Title: Navigating Diverse Data Science Learning: Critical Reflections Towards Future Practice

Author: Yehia Elkhatib

Download link

This are my notes on the above paper, which mainly deals with detailing the methods explored and implemented to impart a high quality of education in data science. The paper also provides an interesting breakup of the different roles in data science workflows.

  • The importance of being able to work in a team is highlighted. Working in isolation for a data scientist almost renders the results meaningless.

  • Considering the typically diverse backgrounds of DS practitioners, it is difficult to devise a curriculum that caters to everybody. This factor is certainly critical to consider before taking up any formal university courses. I would not want to spend a great deal of time and money in learning obsolete techniques or technologies.

  • There are differences in learning rates based on the background, and past academic environments. In particular, most students do not seem to realize that the best learning takes place in a ‘social’ manner. Besides addressing the above, several aspects of effective learning and aligning the curriculum and teaching methodology to the typical industrial workflows are explored in this paper.

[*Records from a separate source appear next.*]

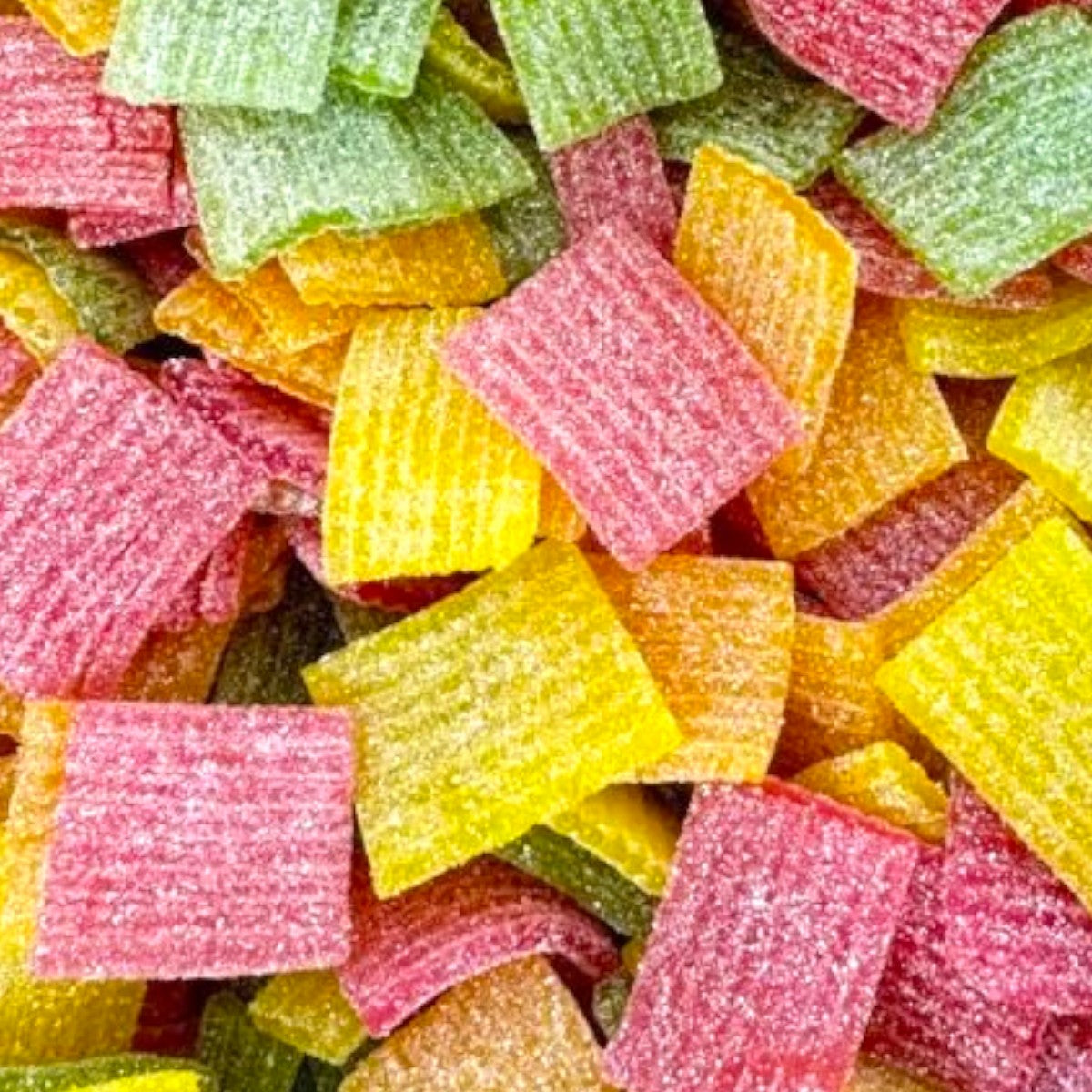 Pasta Frutta (100g)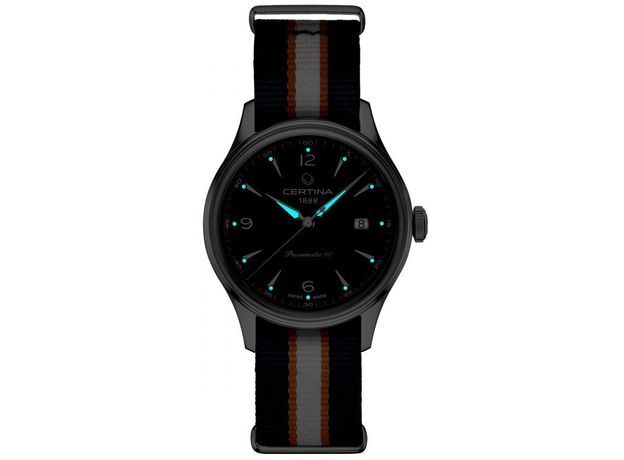 Certina C038.407.18.047.00 Certina C038.407.18.047.00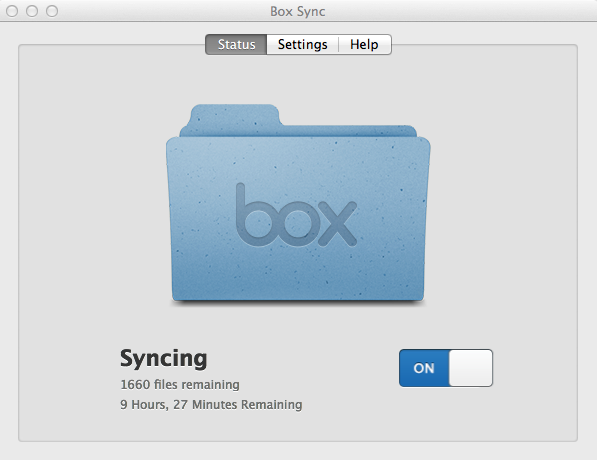 Box sync 4 download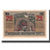 Banknote, Germany, Gernrode a.H. Stadt, 75 Pfennig, village 2, 1921, 1921-05-09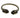 Buddha's Face Metal Yoga Fashion Cuff Bracelet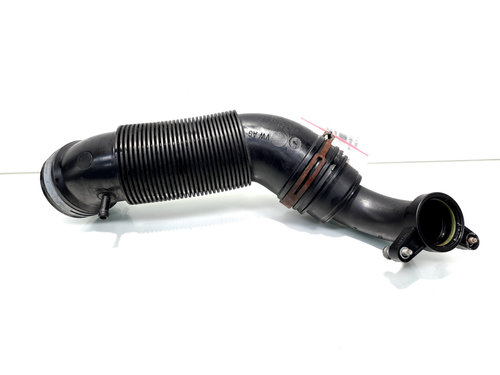 Tub turbo, cod 6R0129684C, 03F129656G, Seat Ibiza 5 Sportcoupe (6J1), 1.2 TSI, CBZB (id:516175)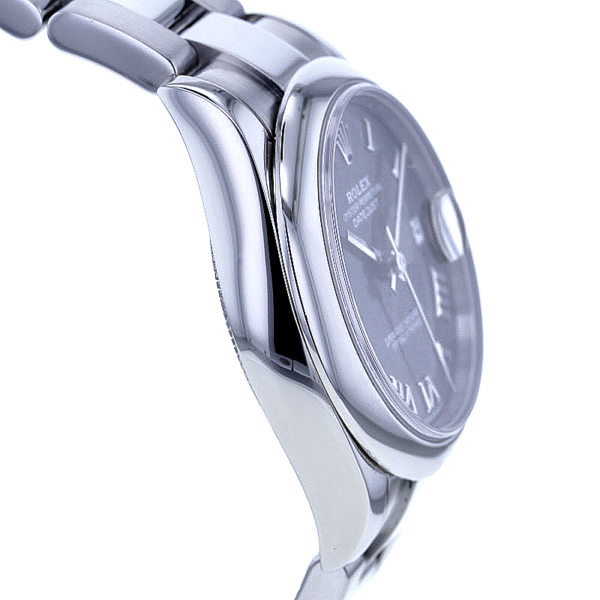 Rolex Oyster Perpetual Datejust 31 Ref. 278240 v. 2020 – Bild 5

  • The literature references of past studies and research would certainly make interesting reads. However, they are more relevant to those in the teaching line. An interesting approach would be to read between the lines to extract the best practices for students to learn rapidly and effectively. However, there are many direct resources and techniques to approach the latter.

  • DS Roles :- Core.

    • Janitor
      • data cleaning, pre-processing
    • Scout
      • EDA, early insights
    • Analyst
      • identifying patterns, initial hypothesis, evidence of unforeseen narratives)
    • Decision Builder
      • automate decision making, ML, DL
    • Curator
      • storage formats across interfaces, data governance
    • Engineer
      • Manage the interface between development and production products, efficiency and reliability of data interaction.
  • Auxiliary roles : these roles come into the picture as the DS team grows.

    • Domain specialist
      • data significance, sources of bias
    • Infrastructure manager
      • support to build and operate, beyond the data engineer
    • Communicator
      • Communicating explanatory and confirmatory analyses, setting up systems to interact with the audiences outside the DS team
    • Facilitator
      • A/B experiments, additional support to the communicator.